11. Mr. Mishra, learned Additional Standing Counsel appearing for the Department on the other hand supported the orders passed by the STO, ACST and the Tribunal. He referred to serial No.16,
sub-serial 6 of List-D of the Rate Chart which indicated that "machinery including sewing machines and component parts and accessories thereof" were, till 28th February 2002, subject to tax at the first point of sale. It is submitted that the idler is nothing but a component part of the machinery and was subject to tax in the first point of sale and therefore, Form-XXXIV could not be used.

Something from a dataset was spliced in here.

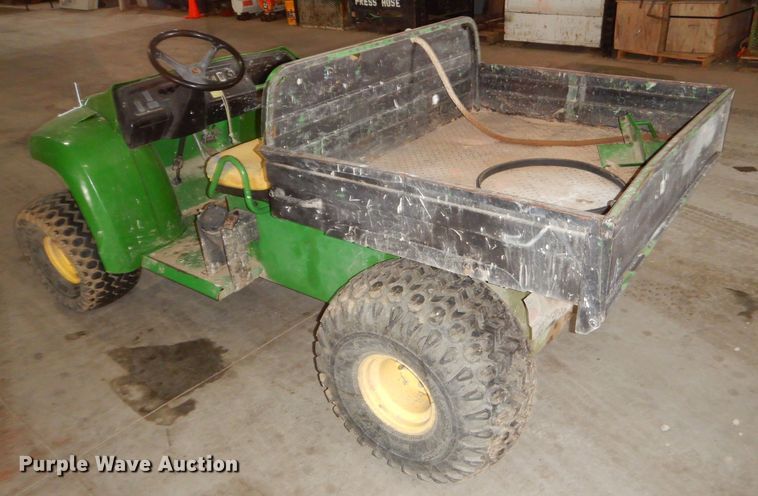 image for item GN9216 2000 John Deere Gator utility vehicle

12. The above submissions have been considered. As per the notification dated 9th January 2002 issued by the Finance Department, the entry at serial No.175 states "machinery, machinery parts and spare parts and component parts and accessories thereof and tools" would be exigible to tax at the first point of sale. Admittedly, the Petitioner is the first seller of the 'idlers' to HEC. The entry in question refers not only to machineries but also component parts thereof and accessories. It also includes 'tools'. The decision of the Allahabad High Court in Commissioner of Sales Tax, U.P. v. Om Iron Foundry (supra) was dealing with the question whether pulleys were not parts of the machinery. The High Court observed that the goods in question were "ordinary pulleys connecting shafts with electrical motors or oil engines for transmission of power".
13. In the present case, the Petitioner does not appear to have placed on record materials to show what the function of the 'idler' is. The STO treated it as "machinery spare" whereas the ACST took the view that components parts and accessories thereof constituted a separate part of the entry and therefore 12% rate in respect of unspecified taxability came into play when it concerned
component parts and accessories. While it is true that idler by itself may not be a complete machine, what is exigible to tax is not only the complete machinery but also spare parts and accessories of machines.

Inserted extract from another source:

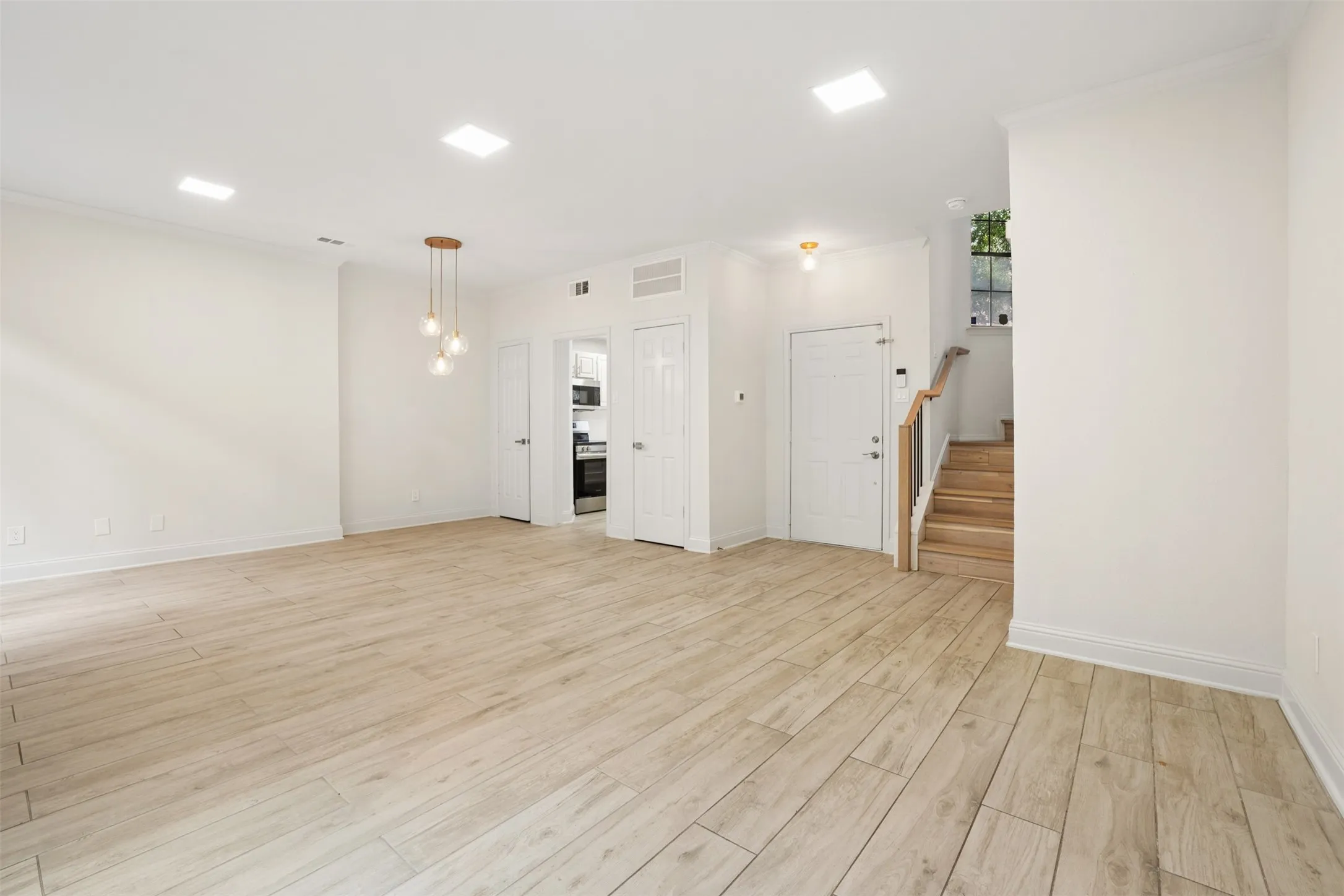 Condominium For Sale in Dallas County , 4307 Gilbert Avenue 302, Dallas, Texas 75219, 2 Bedroom, 3 Bathroom, 1 Garage spaces, 1,032 Sqft, built in 1984, mls#21255890, Real Estate Agent in Dallas, Homes For Sale in Dallas county, Homes For Sale in Dallas, Realtor in Dallas Texas, Real Estate Brokerage Independent Realty Texas, Luminita Cordes Realtor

14. The decision of the Allahabad High Court in Commissioner of Sales Tax, U.P. v. Om Iron Foundry (supra) appeared to turn on the fact that pulleys there were not an integral part or an accessory of any particular machine. The mere fact that the tax may have been paid on the further sales by HEC to NALCO on the machinery sold by HEC would not ipso facto result in taxing the same 'transaction' twice. It is not clear whether what was sold by the HEC to NALCO was the same 'idler' or the machinery of which the idler was a part. In the absence of clear evidence in this regard, it is not possible to accept the contention of the Petitioner that the same transaction is being taxed twice. Consequently, the Court does not find the decision in M/s. High-way Trading (Pvt.) Ltd. (supra) as having relevance here.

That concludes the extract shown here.